Each arbitrator shall then decline two of the nominations presented by the
other arbitrator. The umpire shall be chosen from the remaining two
nominations by drawing lots.
16.04 The arbitration hearings shall be held in the city in which the Ceding
Company's head office is located or any such other place as may be mutually
agreed. Each party shall submit its case to the arbitrators and umpire
within one hundred and eighty (180) days of the selection of the umpire or
within such longer period as may be agreed.
16.05 The arbitration panel shall make its decision with regard to the custom
and usage of the insurance and reinsurance business. The arbitration panel
shall interpret this Agreement as an honorable engagement; they are
relieved of all judicial formalities and may abstain from following strict
rules of law. The arbitration panel shall be solely responsible for
determining what shall be considered and what procedure they deem
appropriate and necessary in the gathering of such facts or data to decide
the dispute.
16.06 The decision in writing of the majority of the arbitration panel shall be
final and binding upon the parties. Judgment may be entered upon the final
decision of the arbitration panel in any court having jurisdiction.

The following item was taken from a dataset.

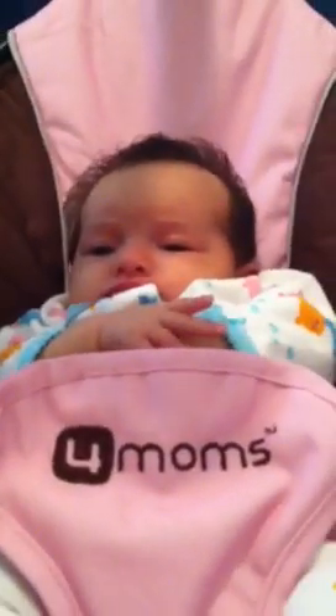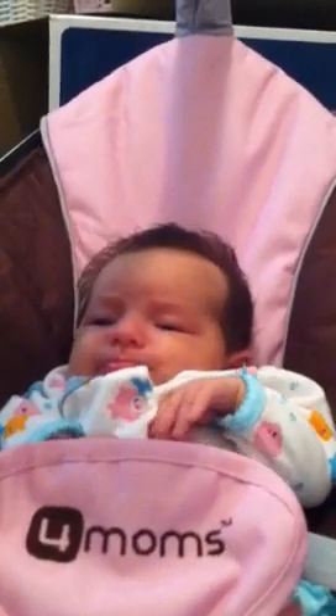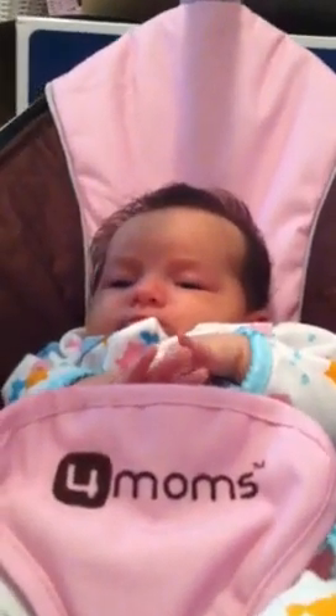And she seems to be enjoying it. Wouldn't you think? Right Addie? Say hi everybody.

16.07 The jointly incurred costs of the arbitration are to be borne equally by
both parties. Jointly incurred costs are specifically defined as any
costs that are not solely incurred by one of the parties (e.g.,
attorney's fees, expert witness fees, travel to the hearing site, etc.).

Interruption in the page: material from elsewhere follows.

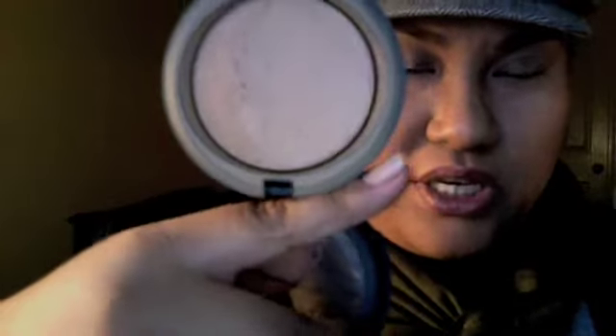My MAC Mineralized Skin Finish in Medium Dark — I carry this all the time, I use it religiously. I don't use anything else and I don't want to use anything else. I usually spritz my kabuki with Fix Plus before I apply it on my face, because it really takes out that powdery look you usually get when you apply this alone with the kabuki.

Costs incurred solely by one of the parties shall be borne by that party.
Once the panel has been selected, the panel shall agree on one billable
rate for each of the arbitrators and umpire and that sole cost shall be
disclosed to the parties and become payable as a jointly incurred cost as
described above.
16.08 If more than one reinsurer is involved in the same dispute, all such
reinsurers shall constitute an act as one party for the purposes of the
Arbitration Article, provided however, that nothing herein shall impair the
rights of such reinsurers to assert several, rather than joint, defenses or
claims, nor be construed as changing the liability under the terms of the
Agreement from several to joint.
Article 17
DAC Tax
Section 1.848-2(g)(8) Election
17.01 If applicable, both parties agree to the following pursuant to Section
1.848-2(g)(8) of the Income Tax Regulation issued December 1992, under
Section 848 of the Internal Revenue Code of 1986, as amended. This
election shall be effective for all subsequent taxable years for which
this Agreement remains in effect.
17.02 The term "party" shall refer to either the Ceding Company or the Reinsurer
as appropriate.
17.03 The terms used in this Article are defined by reference to Section 1.848-2
of the Income Tax Regulation in effect December 1992.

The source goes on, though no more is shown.